(Source records)
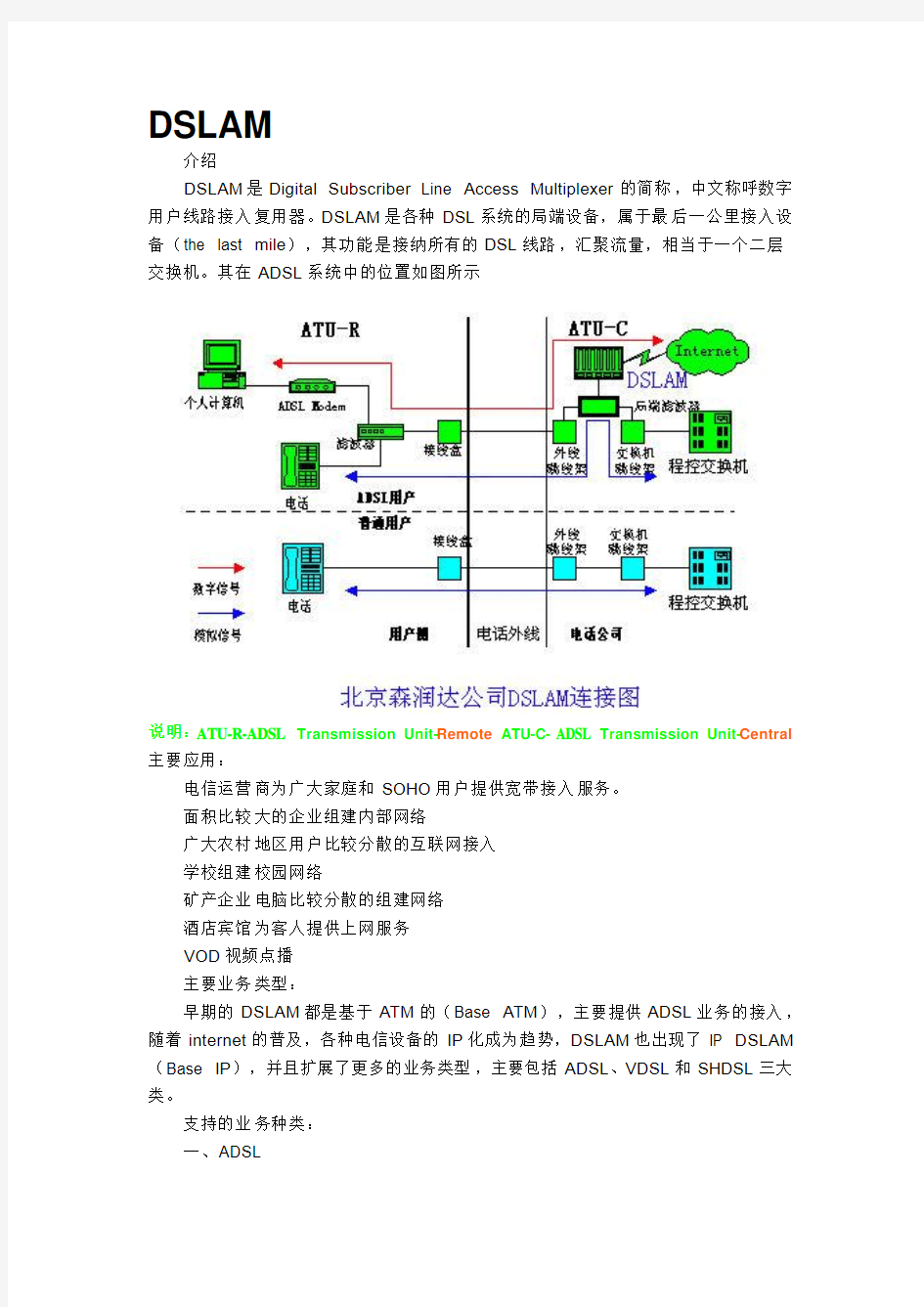 DSLAM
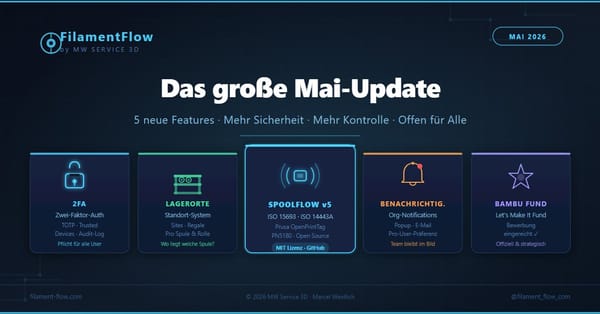FilamentFlow Mai-Update: 2FA, Lagerorte, SpoolFlow v5 & Bambu-Bewerbung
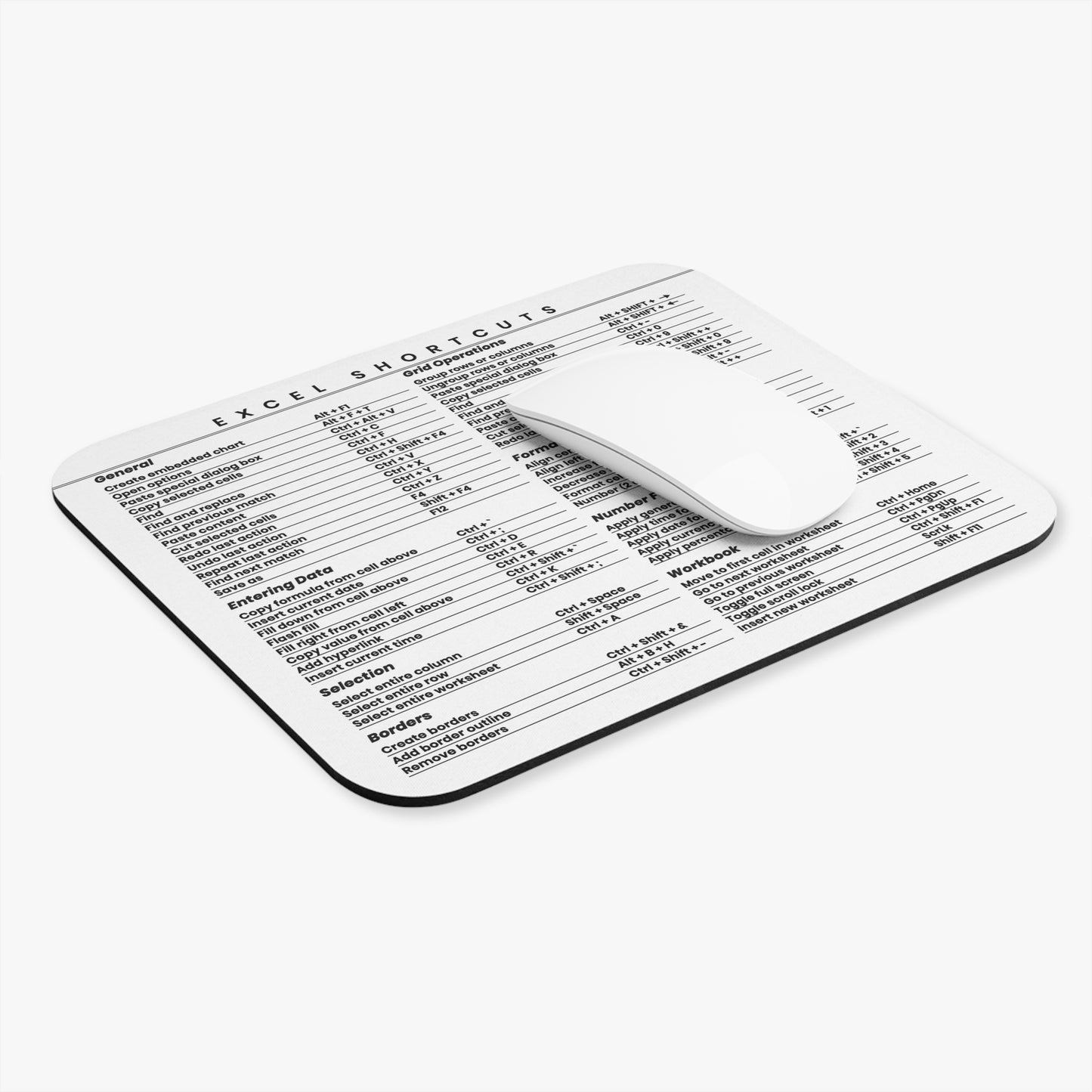 Microsoft Excel Shortcut Cheat Sheet Mousepad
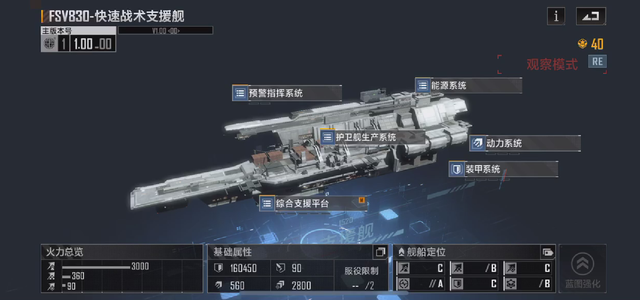 全民奇迹2小加布在哪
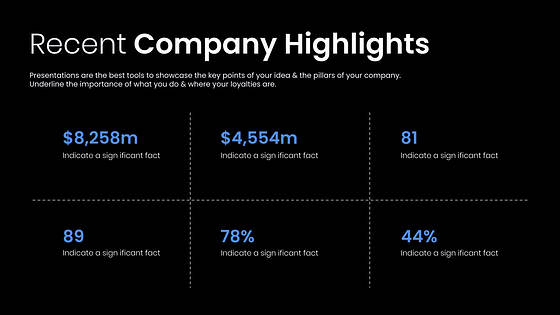 Presentación de la compañía financiera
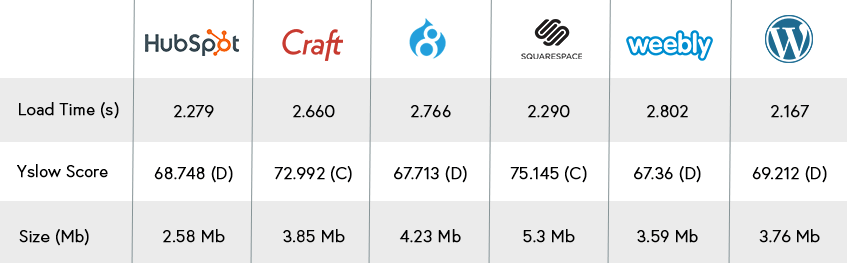 CMS Speed Test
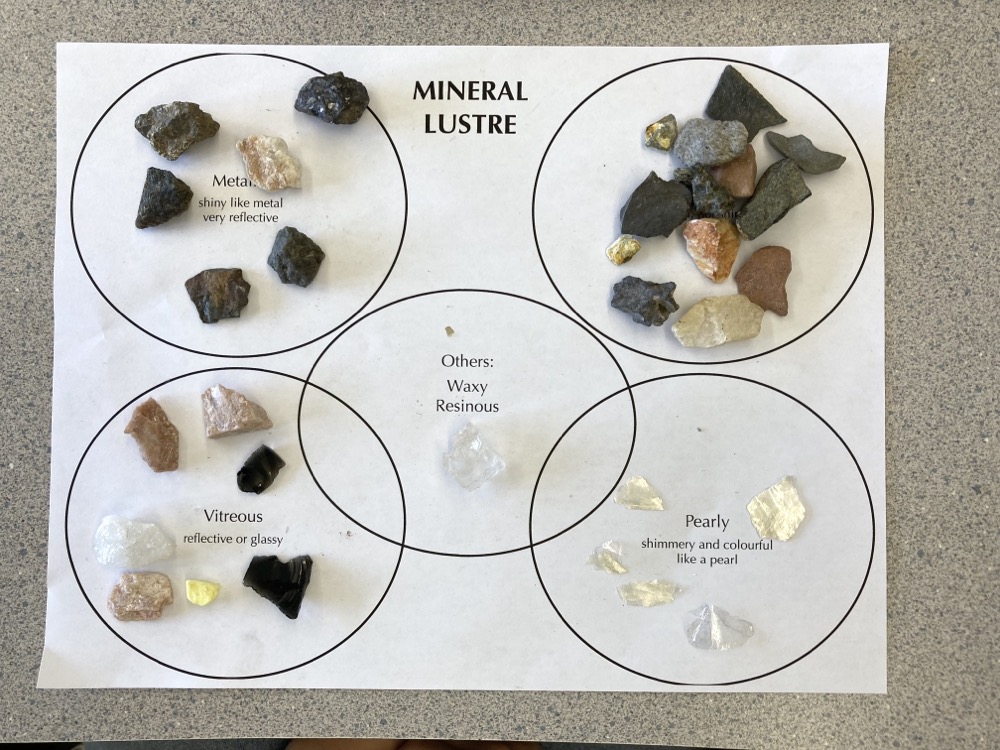 Mineral lustre ingridscience.ca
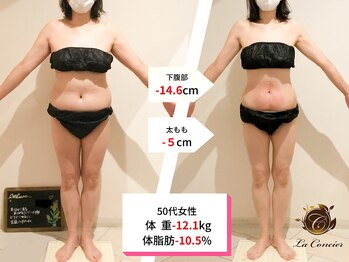 ラ コンシェル 三軒茶屋店/Before after【三軒茶屋店】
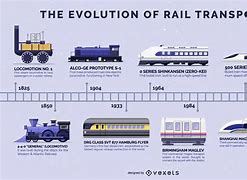 Image result for Transportation Evolution Timeline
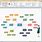 Microsoft Office Mind Map Template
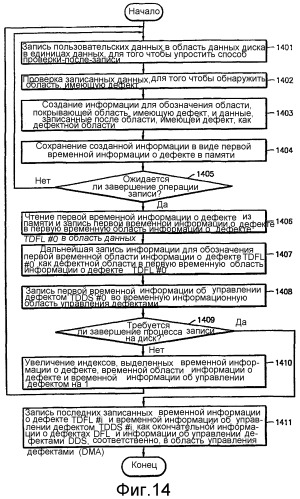 Дисковое запоминающее устройство с временной структурой описания диска (tdds) и с временным списком дефектов (tdfl) и способ и устройство для управления дефектом в этом дисковом запоминающем устройстве (патент 2288513)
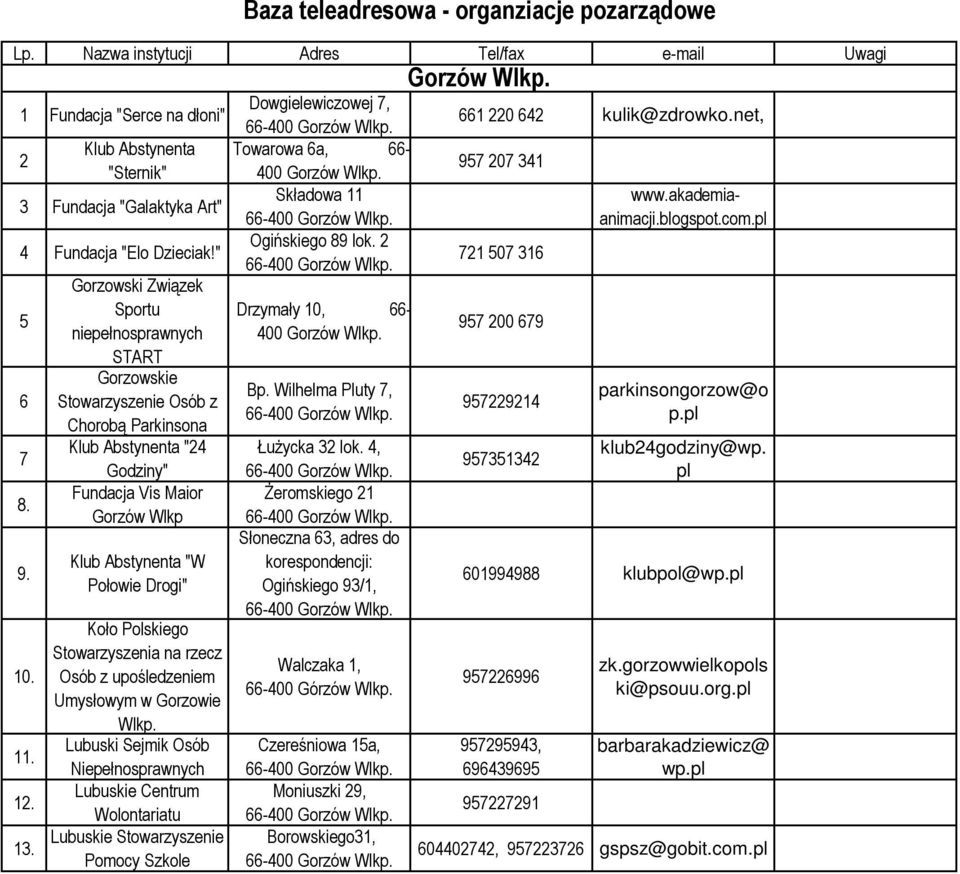 Stowarzyszenia na rzecz 10. Osób z upośledzeniem Umysłowym w Gorzowie Wlkp. Lubuski Sejmik Osób 11. Niepełnosprawnych Lubuskie Centrum 12. Wolontariatu Lubuskie 13.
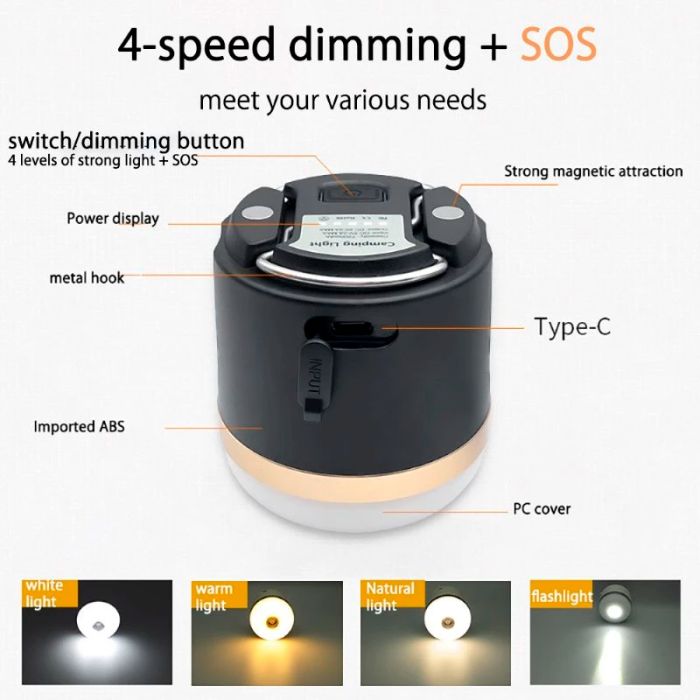 Фонарь ручной кемпинговый Portable Light ,5 режимов, Powerbank 7200mAh, магнит, IP65 Черный
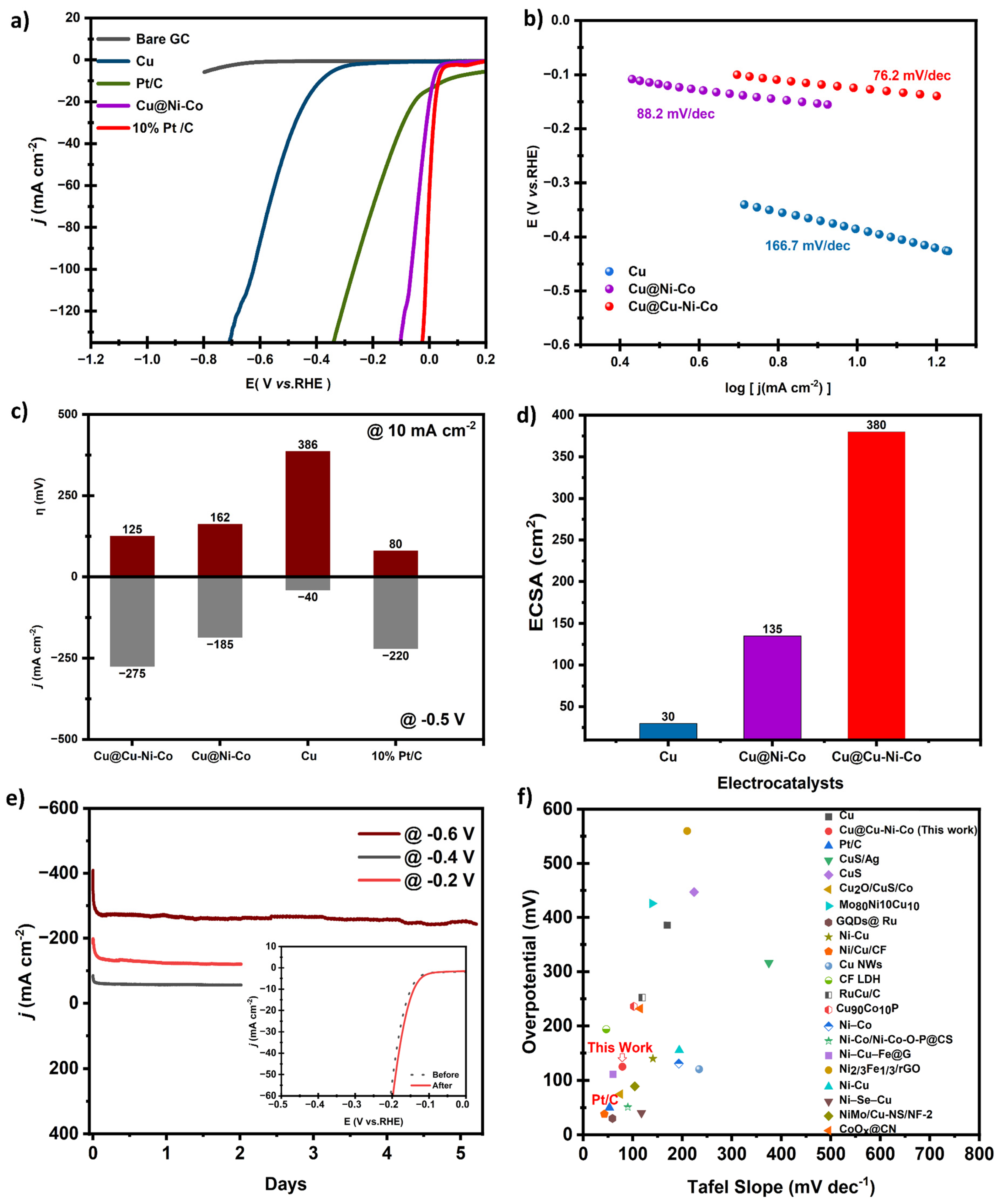 Energies 18 01515 g004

§ WHAT THE EXERCISE ASKS: Return the entries above exactly, skipping any images.

§ ANSWER SECTION:
 DSLAM
FilamentFlow Mai-Update: 2FA, Lagerorte, SpoolFlow v5 & Bambu-Bewerbung
 Microsoft Excel Shortcut Cheat Sheet Mousepad
 全民奇迹2小加布在哪
 Presentación de la compañía financiera
 CMS Speed Test
 Mineral lustre ingridscience.ca
 ラ コンシェル 三軒茶屋店/Before after【三軒茶屋店】
 Image result for Transportation Evolution Timeline
 Microsoft Office Mind Map Template
 Дисковое запоминающее устройство с временной структурой описания диска (tdds) и с временным списком дефектов (tdfl) и способ и устройство для управления дефектом в этом дисковом запоминающем устройстве (патент 2288513)
 Stowarzyszenia na rzecz 10. Osób z upośledzeniem Umysłowym w Gorzowie Wlkp. Lubuski Sejmik Osób 11. Niepełnosprawnych Lubuskie Centrum 12. Wolontariatu Lubuskie 13.
 Фонарь ручной кемпинговый Portable Light ,5 режимов, Powerbank 7200mAh, магнит, IP65 Черный
 Energies 18 01515 g004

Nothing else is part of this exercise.